当前位置:网站首页>Hands on learning and deep learning -- a brief introduction to softmax regression
Hands on learning and deep learning -- a brief introduction to softmax regression
2022-06-12 08:13:00 【Orange acridine 21】
1、 First, let's explain the difference between regression and classification :
Regression estimates a continuous value , For example, predict the price of a house ;
Classification predicts a discrete category , For example, I predict whether a picture is a cat or a dog .
example 1:MNIST ( Handwritten digit recognition )10 class

example 2:ImageNet( Classification of natural objects )1000 class

2、Kaggle A typical classification problem on
example 1、 Divide the microscopic picture of human protein into 28 class
example 2、 Divide malware into 9 Categories
example 3、 Will be malicious Wikipedia Comment sharing 7 class
3、 From regression to multiclass classification
Return to : Single continuous data output ; Natural interval R; The difference between the loss function and the real value is the loss .
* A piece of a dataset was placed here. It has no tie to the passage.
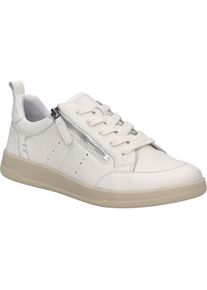 Sneaker Josef Seibel "Jade 05, weiss", Damen, Gr. 37, wei&szlig;, Obermaterial: 100% Rindsleder Leather cow., Schuhe Sneaker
classification : Usually multiple outputs ; The output of the i The first element is predicted to be i Class confidence ;

4、 From regression to multiclass classification —— Mean square loss
Suppose there is n Categories , Encode the category with one valid digit , Long for n Vector , from y1 To yn, Hypothesis number 1 i One is the real category , be yi be equal to 1, The other elements are equal to 0.( There is just one position that is valid )

The mean square loss can also be used for training , Select the maximum value as the predicted value

5、 From regression to multiclass classification —— No calibration ratio
Encode the category with one valid digit , The maximum value is used as the prediction

Need confidence to identify the correct class Oy Much larger than other incorrect classes Oi( Large margin )

The output is a probability ( non-negative , And for 1), Now the output is a O1 To On Vector , Introduce a new operation word "Jiao" softmax, We will softmax Effect to O Get one above y_hat, It is a long for n Vector , He has attributes , Each element is nonnegative and the sum is 1.
y_hat The inside number i The elements are equal to O The inside number i Elements are indexed ( The benefits of the index are , I don't care what it's worth , Can become nonnegative ) And then divide by all of them Ok Do index . then y_hat It's a probability .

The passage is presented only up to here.